■ **What this task involves**:
Could you return the data that follows exactly, minus the images?

■ **Data to use**:

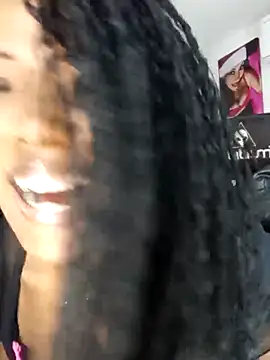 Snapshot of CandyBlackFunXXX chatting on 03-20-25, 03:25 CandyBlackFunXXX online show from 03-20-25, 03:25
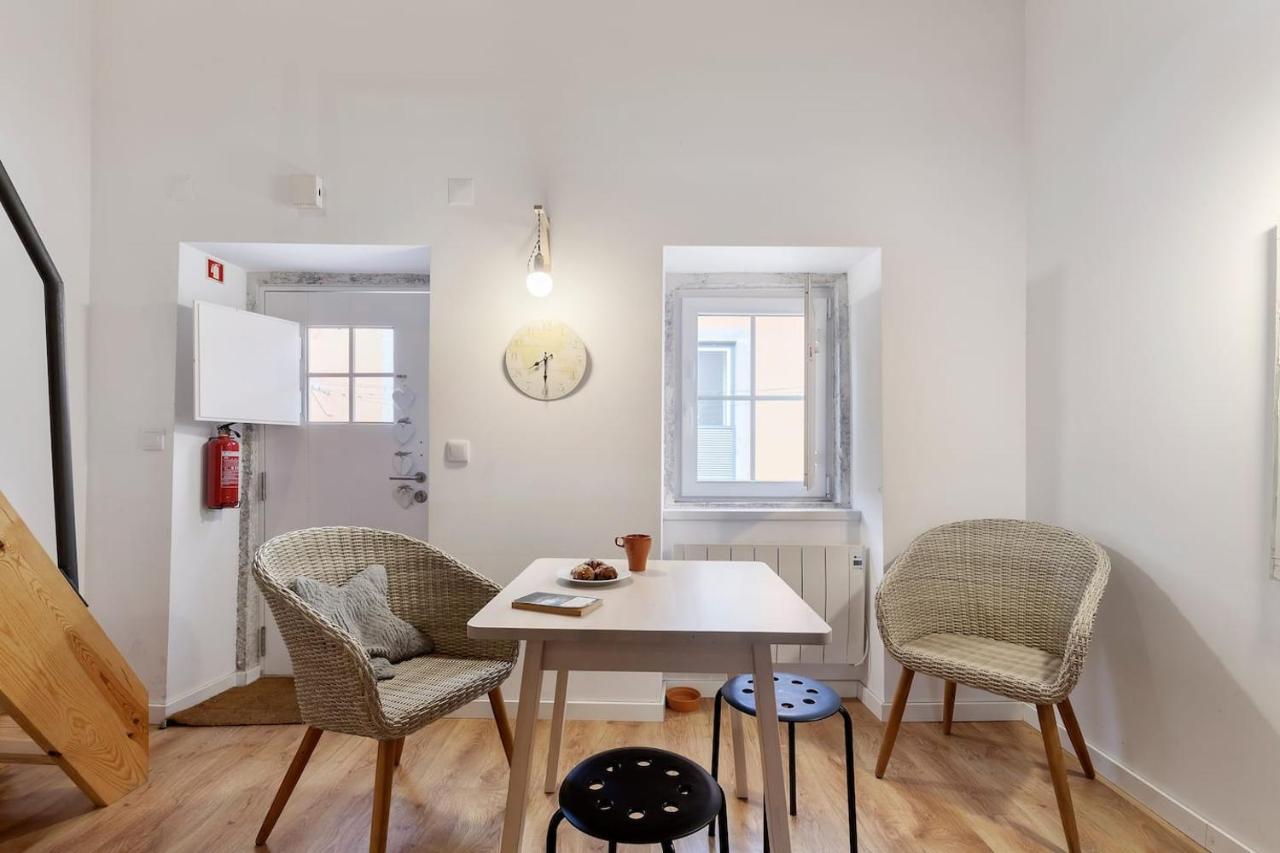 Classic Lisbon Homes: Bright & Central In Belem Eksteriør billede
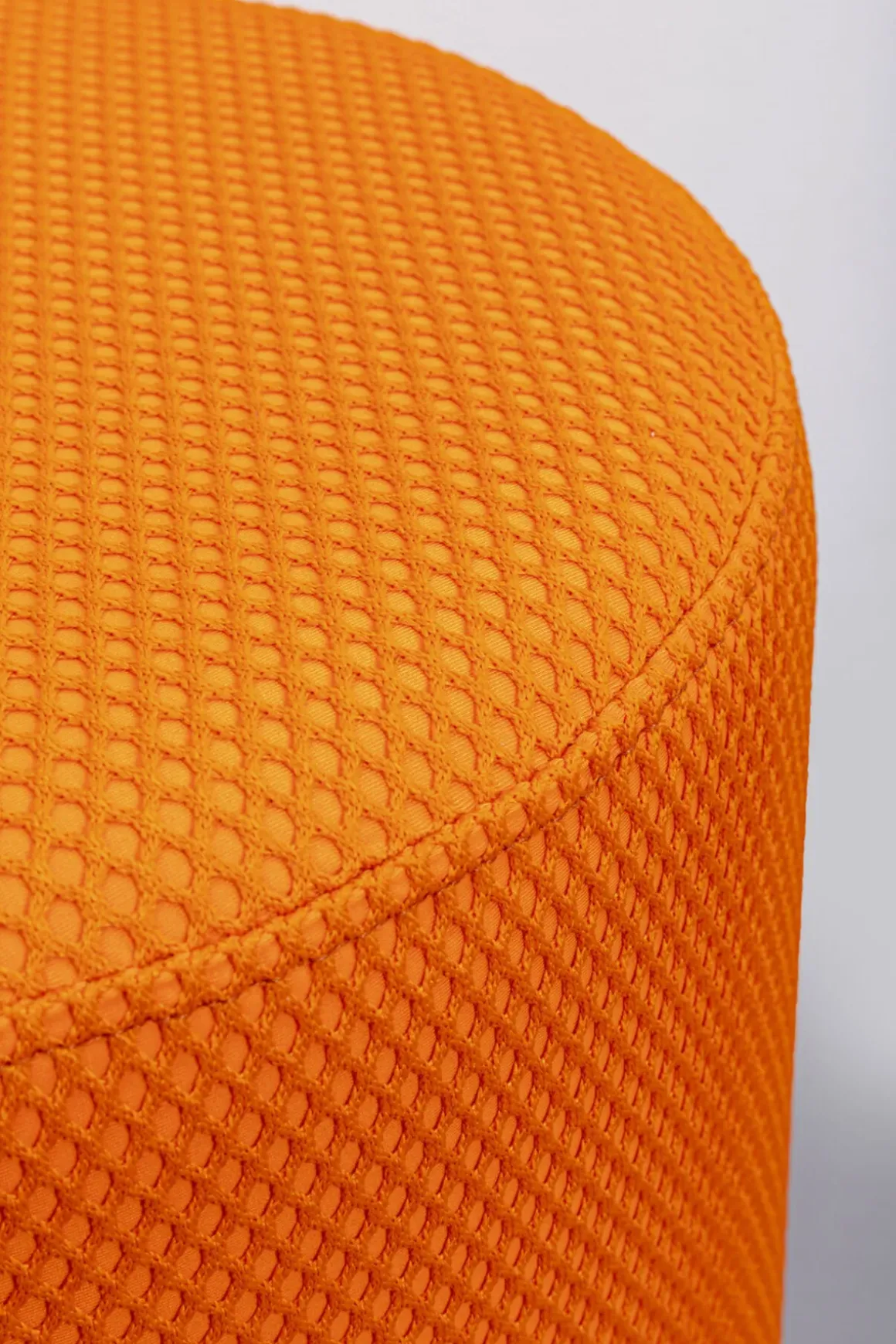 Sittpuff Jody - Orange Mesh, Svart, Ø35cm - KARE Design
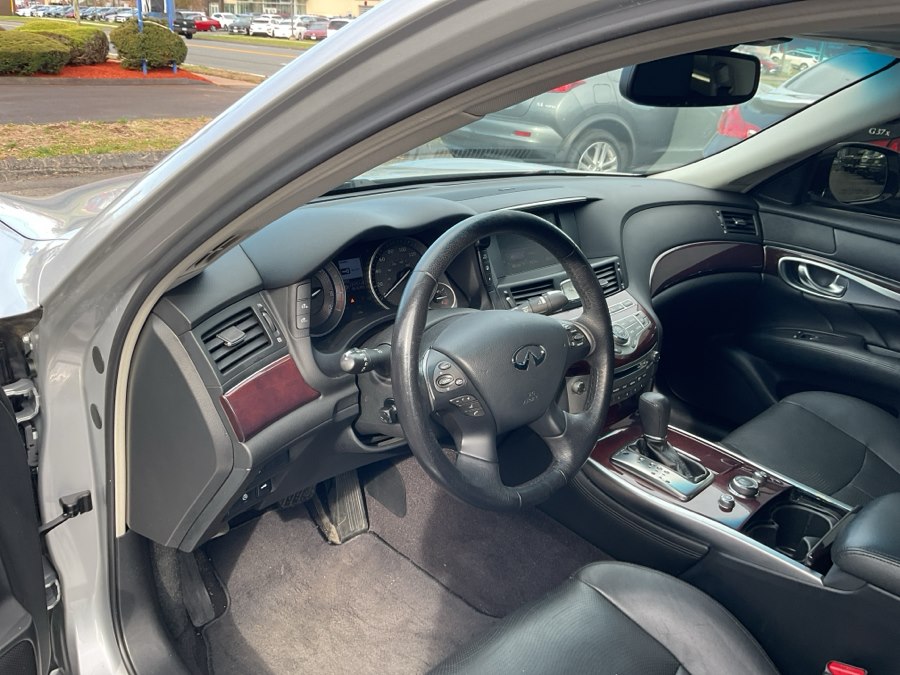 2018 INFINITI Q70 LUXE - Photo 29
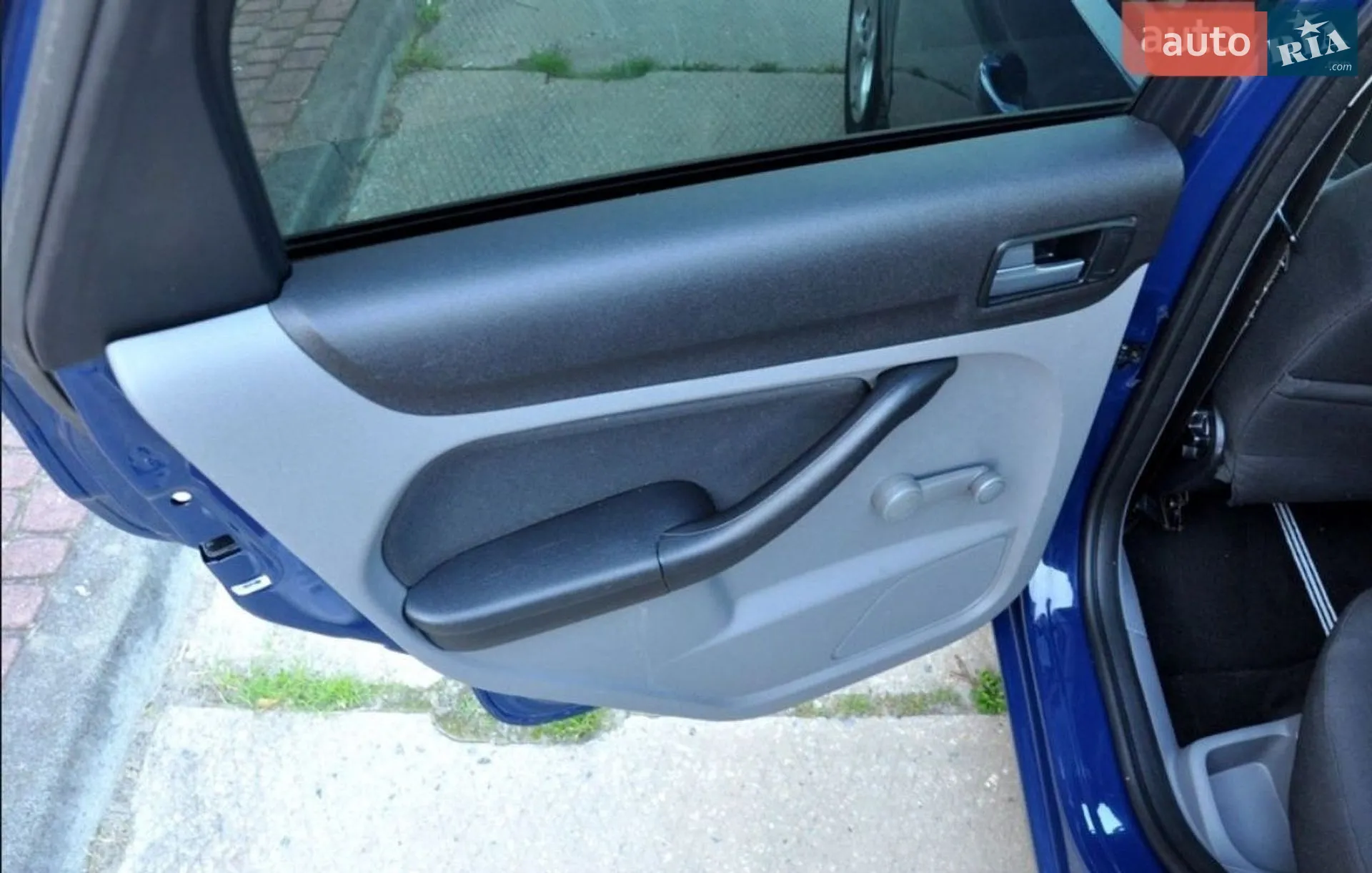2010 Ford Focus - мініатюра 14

■ **Solution for this task**:
 Snapshot of CandyBlackFunXXX chatting on 03-20-25, 03:25 CandyBlackFunXXX online show from 03-20-25, 03:25
 Classic Lisbon Homes: Bright & Central In Belem Eksteriør billede
 Sittpuff Jody - Orange Mesh, Svart, Ø35cm - KARE Design
 2018 INFINITI Q70 LUXE - Photo 29
2010 Ford Focus - мініатюра 14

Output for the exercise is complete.